Il brand ha continuato in questi mesi a brillare di luce propria, inanellando un successo dietro l’altro, spinto dall’immaginario eclettico e senza eguali di Michele, che ha aiutato il brand a raggiungere anno dopo anno clienti sempre più giovani e un pubblico diversificato, oltre a incrementare il proprio business.

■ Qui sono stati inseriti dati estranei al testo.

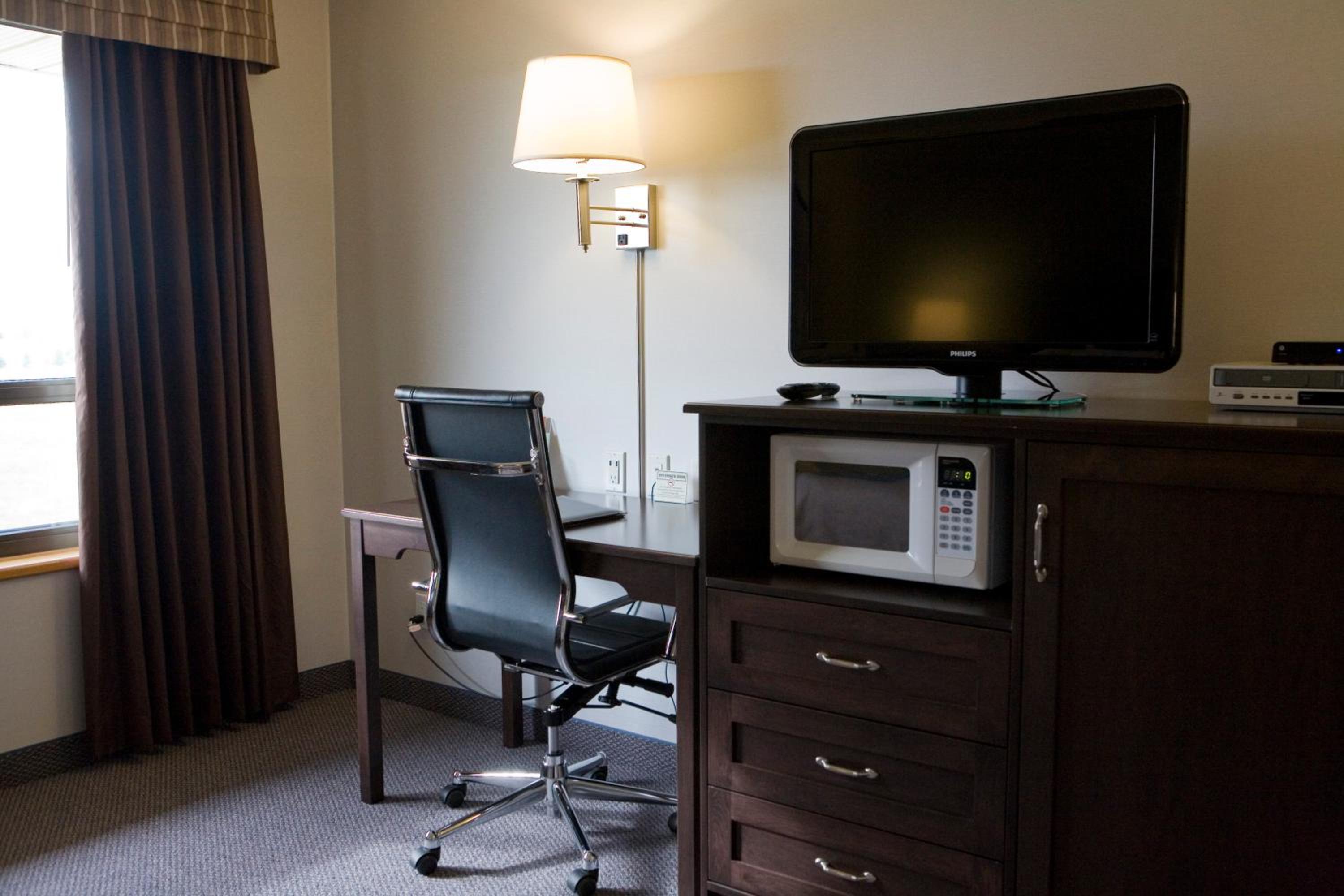 Deluxe King Room with Park View - Non-Smoking - Photo 3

Basti pensare che dal 2018 in poi Gucci ha registrato una crescita superiore al 35% per cinque trimestri consecutivi, spingendo il presidente e ceo del
gruppo Marco Bizzarri a fissare un obiettivo di fatturato di 10 miliardi di euro, durante l’Investor day a Firenze nel giugno dello stesso anno.
Michele ha presentato la sua prima collezione nel 2015, prendendo il posto di Frida Giannini, della quale per anni era stato il braccio destro, reinventando, in una manciata di stagioni, l’estetica del marchio: completamente nuova, flamboyant, genderfluid, androgina e stravagante, ha rovesciato l’immaginario che fino ad allora aveva caratterizzato la griffe fiorentina, piuttosto classica e sofisticata.
“Ci sono momenti in cui le strade si dividono a causa delle diverse prospettive che ognuno di noi può avere – ha scritto
Michele in un lungo post pubblicato sui social, giustificando il suo addio -. Oggi si conclude per me un viaggio straordinario, durato più di vent’anni, all’interno di un’azienda a cui ho dedicato instancabilmente tutto il mio amore e la mia passione creativa”.
Ora a tenere banco è il toto-stilista, partito nelle ultime 24 ore: c’è chi punta su Riccardo Tisci come successore di Michele, il pugliese considerato tra i migliori fashion designer al mondo, che dopo l’addio a Burberry è tornato sulla piazza. Non sono pochi quelli immaginano e sperano che Tisci sia già al lavoro negli archivi Gucci.
Nome meno quotato, ma rimbalzato con insistenza in rete, è quello di Phoebe Philo, stilista antidiva per antonomasia, già direttore creativo di Céline, apprezzata per il suo stile minimalista e colto ma da molti anni fuori dai riflettori. Da parte di Kering, al momento, tutto tace: “L’ufficio stile di Gucci continuerà a portare avanti la direzione creativa della maison fino all’annuncio di una nuova organizzazione”.